Conclusion: Our study found a ratio of 4.67% of relapses in a progressive multiple sclerosis population without previous inflammatory activity. If pro-inflammatory effect of high dose biotin is to be confirmed, future research will be warranted to identify a specific patient profile at risk.
Disclosure: Pr. Brochet or its institution received honoraria for consulting, speaking at scientific symposia, serving in advisory board or research support from Actelion, Biogen Idec, Merck Serono, Sanofi-Genzyme, Bayer, Medday, Roche, Teva, Novartis (all with approval by general director of the Hospital of Bordeaux).
Dr. Ouallet reported personal fees from Biogen, Roche, Genzyme; grants, personal fees and non-financial support from Novartis and Merck, outside the submitted work.

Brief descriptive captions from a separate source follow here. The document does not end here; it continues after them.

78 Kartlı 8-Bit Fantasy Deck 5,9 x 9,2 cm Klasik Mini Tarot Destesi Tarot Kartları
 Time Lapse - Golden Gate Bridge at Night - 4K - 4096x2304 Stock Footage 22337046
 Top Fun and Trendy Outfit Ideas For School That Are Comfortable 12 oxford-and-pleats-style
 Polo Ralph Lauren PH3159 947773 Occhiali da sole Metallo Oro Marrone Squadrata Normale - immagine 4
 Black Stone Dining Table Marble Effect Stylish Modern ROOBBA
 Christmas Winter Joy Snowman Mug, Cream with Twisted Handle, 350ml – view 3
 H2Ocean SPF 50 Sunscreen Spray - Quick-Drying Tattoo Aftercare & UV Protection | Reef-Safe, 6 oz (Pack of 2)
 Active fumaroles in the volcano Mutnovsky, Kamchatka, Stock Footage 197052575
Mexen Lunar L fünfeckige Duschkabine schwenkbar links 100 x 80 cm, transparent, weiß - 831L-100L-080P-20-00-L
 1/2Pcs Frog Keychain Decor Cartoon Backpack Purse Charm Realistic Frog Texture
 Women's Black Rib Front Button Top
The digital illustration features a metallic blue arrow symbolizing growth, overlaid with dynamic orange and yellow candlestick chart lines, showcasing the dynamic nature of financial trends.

Dr. Dulau received honoraria for speaking at scientific symposia by Biogen, Genzyme, Novartis and Teva.
Dr. Ruet or her institution received honoraria for consulting, speaking at scientific symposia, serving in advisory board or research support from Biogen Idec, Medday, Merck Serono, Novartis, Roche, Sanofi-Genzyme, Teva (all with approval by general director of the Hospital of Bordeaux and the University of Bordeaux).
Drs. Liegey, Deloire, Moroso, Louiset and Guerard : nothing to disclose.